## Required work
Once you find the line with "Rodrigo Arim en" in the data that follows, repeat it and every line after it exactly, through the line with "Vintage 1979 Knickerbocker".

===== Input data =====

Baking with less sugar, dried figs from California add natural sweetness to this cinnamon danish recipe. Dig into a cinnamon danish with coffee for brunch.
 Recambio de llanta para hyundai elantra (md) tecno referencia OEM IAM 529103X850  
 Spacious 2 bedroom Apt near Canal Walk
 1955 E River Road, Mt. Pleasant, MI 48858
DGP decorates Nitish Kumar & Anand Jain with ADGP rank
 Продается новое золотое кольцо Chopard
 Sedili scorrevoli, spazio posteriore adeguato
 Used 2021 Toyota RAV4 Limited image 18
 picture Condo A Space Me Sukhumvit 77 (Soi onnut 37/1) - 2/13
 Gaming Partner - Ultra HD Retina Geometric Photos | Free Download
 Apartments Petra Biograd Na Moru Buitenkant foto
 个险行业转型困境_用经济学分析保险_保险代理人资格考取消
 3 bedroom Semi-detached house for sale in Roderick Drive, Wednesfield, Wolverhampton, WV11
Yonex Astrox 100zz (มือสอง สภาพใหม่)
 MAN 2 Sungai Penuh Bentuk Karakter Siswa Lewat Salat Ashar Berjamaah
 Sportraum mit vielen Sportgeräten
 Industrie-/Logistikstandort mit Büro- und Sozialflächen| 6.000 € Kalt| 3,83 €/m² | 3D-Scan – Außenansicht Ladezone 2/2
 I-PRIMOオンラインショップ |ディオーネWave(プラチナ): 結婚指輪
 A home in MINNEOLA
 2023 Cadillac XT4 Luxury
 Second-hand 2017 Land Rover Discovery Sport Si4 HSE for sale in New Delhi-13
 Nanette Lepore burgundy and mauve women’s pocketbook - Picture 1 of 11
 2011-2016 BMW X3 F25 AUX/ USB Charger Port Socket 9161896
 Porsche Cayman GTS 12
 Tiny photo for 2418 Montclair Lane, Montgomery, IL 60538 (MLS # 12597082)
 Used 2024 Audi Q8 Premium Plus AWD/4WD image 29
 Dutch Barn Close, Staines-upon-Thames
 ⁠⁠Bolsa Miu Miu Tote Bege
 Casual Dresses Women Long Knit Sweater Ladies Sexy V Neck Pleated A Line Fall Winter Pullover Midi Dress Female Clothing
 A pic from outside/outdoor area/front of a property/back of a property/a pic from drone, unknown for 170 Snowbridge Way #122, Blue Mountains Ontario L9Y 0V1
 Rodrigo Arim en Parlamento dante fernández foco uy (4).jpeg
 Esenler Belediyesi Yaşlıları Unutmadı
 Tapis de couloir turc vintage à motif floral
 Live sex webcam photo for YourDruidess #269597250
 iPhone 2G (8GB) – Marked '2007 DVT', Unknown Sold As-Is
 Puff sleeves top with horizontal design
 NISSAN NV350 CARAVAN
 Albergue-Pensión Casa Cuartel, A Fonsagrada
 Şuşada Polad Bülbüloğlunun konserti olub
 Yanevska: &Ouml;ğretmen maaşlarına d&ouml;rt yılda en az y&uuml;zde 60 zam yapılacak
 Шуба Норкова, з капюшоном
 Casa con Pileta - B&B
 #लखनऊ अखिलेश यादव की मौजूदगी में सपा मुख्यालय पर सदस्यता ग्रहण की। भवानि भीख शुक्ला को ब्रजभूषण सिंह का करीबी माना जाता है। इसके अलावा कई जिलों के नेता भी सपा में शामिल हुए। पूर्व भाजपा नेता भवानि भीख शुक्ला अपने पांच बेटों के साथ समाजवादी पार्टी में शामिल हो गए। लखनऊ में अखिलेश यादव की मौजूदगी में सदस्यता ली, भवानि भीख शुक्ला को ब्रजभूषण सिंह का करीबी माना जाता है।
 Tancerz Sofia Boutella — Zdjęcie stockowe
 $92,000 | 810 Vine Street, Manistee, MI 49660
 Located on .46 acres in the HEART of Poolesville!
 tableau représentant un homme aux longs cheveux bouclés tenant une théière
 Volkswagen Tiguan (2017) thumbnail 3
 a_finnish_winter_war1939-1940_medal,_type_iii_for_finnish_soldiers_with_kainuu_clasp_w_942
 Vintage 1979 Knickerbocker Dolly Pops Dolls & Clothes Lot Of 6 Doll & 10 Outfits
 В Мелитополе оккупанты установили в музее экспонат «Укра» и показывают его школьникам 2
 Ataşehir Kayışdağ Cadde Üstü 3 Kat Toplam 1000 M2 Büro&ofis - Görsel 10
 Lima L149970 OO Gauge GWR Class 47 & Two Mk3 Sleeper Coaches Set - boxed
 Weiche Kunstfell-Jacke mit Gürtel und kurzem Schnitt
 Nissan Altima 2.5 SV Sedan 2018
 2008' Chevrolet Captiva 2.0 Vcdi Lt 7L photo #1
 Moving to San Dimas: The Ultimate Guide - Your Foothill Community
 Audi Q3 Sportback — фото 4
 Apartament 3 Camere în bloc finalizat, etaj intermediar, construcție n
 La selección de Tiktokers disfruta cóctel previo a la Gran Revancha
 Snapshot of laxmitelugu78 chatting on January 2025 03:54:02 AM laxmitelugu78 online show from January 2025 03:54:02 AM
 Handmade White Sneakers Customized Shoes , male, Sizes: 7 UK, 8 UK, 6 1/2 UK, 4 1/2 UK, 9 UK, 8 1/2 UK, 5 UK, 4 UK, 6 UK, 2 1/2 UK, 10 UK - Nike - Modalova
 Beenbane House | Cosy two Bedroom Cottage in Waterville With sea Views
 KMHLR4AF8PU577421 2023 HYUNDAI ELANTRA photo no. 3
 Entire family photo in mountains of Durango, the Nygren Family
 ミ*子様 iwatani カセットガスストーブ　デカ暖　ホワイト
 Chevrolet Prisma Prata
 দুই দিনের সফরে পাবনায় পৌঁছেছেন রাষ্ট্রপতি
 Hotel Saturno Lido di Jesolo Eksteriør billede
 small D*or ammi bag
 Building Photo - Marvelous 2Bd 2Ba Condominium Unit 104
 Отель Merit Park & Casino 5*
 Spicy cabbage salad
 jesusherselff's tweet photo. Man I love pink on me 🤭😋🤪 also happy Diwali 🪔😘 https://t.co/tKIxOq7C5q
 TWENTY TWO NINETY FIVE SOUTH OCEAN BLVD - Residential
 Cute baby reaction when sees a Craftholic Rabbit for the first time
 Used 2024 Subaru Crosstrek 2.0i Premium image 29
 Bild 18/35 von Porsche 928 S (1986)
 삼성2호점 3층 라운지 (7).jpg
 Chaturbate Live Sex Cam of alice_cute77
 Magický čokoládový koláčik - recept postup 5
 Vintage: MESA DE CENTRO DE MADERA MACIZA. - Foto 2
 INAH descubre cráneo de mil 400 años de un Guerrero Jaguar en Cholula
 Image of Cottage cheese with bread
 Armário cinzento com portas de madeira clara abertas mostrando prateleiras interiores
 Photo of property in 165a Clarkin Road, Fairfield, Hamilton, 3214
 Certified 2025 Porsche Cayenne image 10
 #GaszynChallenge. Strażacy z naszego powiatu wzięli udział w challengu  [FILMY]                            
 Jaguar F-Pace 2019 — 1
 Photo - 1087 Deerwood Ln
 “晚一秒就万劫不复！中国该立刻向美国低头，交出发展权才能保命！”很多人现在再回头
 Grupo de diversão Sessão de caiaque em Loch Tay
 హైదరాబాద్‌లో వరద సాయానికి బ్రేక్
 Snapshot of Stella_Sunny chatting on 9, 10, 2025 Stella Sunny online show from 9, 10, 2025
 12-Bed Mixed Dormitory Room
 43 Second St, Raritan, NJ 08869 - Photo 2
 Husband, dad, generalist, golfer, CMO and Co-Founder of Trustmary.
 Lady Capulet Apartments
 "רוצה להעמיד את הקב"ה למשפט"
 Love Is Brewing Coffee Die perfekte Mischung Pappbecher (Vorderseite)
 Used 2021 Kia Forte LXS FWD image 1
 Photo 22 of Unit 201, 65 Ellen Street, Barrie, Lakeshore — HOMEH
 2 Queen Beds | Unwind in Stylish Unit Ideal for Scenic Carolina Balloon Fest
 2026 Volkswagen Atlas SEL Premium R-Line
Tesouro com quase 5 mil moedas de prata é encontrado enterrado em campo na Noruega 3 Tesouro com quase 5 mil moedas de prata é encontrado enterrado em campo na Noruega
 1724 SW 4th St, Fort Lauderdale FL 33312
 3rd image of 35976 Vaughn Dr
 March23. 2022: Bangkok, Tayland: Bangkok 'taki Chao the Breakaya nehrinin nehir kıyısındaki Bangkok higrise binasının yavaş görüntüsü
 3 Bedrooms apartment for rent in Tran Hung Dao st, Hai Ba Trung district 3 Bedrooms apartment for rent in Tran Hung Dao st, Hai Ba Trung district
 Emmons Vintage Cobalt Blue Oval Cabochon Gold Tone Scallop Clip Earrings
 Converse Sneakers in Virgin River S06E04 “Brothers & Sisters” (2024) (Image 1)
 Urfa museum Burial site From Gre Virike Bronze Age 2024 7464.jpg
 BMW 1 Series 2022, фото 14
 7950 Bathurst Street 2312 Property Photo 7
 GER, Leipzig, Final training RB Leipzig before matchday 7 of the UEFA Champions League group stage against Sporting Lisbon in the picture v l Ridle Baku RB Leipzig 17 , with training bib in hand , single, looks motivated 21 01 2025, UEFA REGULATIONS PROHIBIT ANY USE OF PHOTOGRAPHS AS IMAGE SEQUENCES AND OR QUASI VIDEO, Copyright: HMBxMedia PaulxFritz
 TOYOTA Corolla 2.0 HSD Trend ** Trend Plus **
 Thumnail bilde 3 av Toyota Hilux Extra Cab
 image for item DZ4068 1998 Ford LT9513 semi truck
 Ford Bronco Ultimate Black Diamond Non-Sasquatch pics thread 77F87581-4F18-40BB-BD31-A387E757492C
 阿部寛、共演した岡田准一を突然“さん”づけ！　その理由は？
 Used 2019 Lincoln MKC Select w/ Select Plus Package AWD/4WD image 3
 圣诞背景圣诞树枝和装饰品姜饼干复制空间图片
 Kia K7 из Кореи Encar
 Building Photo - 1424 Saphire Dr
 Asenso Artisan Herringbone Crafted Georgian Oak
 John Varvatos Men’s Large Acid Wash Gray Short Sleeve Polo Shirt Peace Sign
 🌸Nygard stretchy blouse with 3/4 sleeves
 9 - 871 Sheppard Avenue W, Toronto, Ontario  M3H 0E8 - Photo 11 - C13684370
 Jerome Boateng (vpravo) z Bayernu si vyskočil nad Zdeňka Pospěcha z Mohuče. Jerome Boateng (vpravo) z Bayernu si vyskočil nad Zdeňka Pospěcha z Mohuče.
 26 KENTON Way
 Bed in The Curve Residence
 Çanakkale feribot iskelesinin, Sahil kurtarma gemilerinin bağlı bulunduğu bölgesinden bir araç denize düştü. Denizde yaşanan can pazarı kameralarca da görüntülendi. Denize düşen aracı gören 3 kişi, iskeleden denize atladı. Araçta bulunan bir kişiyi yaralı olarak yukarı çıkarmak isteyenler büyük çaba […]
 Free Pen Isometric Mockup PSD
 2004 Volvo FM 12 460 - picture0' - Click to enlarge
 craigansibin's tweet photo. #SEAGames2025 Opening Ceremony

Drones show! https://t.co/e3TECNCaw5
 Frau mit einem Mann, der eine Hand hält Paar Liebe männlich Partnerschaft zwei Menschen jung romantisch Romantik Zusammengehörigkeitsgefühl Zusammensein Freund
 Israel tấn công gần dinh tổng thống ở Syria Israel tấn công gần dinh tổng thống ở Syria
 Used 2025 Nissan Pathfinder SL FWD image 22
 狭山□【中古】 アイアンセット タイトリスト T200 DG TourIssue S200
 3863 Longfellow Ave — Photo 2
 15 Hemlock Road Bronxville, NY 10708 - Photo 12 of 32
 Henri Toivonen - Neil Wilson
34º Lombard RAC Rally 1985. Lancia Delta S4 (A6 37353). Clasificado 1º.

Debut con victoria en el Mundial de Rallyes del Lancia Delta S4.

=====

## Result below
 Rodrigo Arim en Parlamento dante fernández foco uy (4).jpeg
 Esenler Belediyesi Yaşlıları Unutmadı
 Tapis de couloir turc vintage à motif floral
 Live sex webcam photo for YourDruidess #269597250
 iPhone 2G (8GB) – Marked '2007 DVT', Unknown Sold As-Is
 Puff sleeves top with horizontal design
 NISSAN NV350 CARAVAN
 Albergue-Pensión Casa Cuartel, A Fonsagrada
 Şuşada Polad Bülbüloğlunun konserti olub
 Yanevska: &Ouml;ğretmen maaşlarına d&ouml;rt yılda en az y&uuml;zde 60 zam yapılacak
 Шуба Норкова, з капюшоном
 Casa con Pileta - B&B
 #लखनऊ अखिलेश यादव की मौजूदगी में सपा मुख्यालय पर सदस्यता ग्रहण की। भवानि भीख शुक्ला को ब्रजभूषण सिंह का करीबी माना जाता है। इसके अलावा कई जिलों के नेता भी सपा में शामिल हुए। पूर्व भाजपा नेता भवानि भीख शुक्ला अपने पांच बेटों के साथ समाजवादी पार्टी में शामिल हो गए। लखनऊ में अखिलेश यादव की मौजूदगी में सदस्यता ली, भवानि भीख शुक्ला को ब्रजभूषण सिंह का करीबी माना जाता है।
 Tancerz Sofia Boutella — Zdjęcie stockowe
 $92,000 | 810 Vine Street, Manistee, MI 49660
 Located on .46 acres in the HEART of Poolesville!
 tableau représentant un homme aux longs cheveux bouclés tenant une théière
 Volkswagen Tiguan (2017) thumbnail 3
 a_finnish_winter_war1939-1940_medal,_type_iii_for_finnish_soldiers_with_kainuu_clasp_w_942
 Vintage 1979 Knickerbocker Dolly Pops Dolls & Clothes Lot Of 6 Doll & 10 Outfits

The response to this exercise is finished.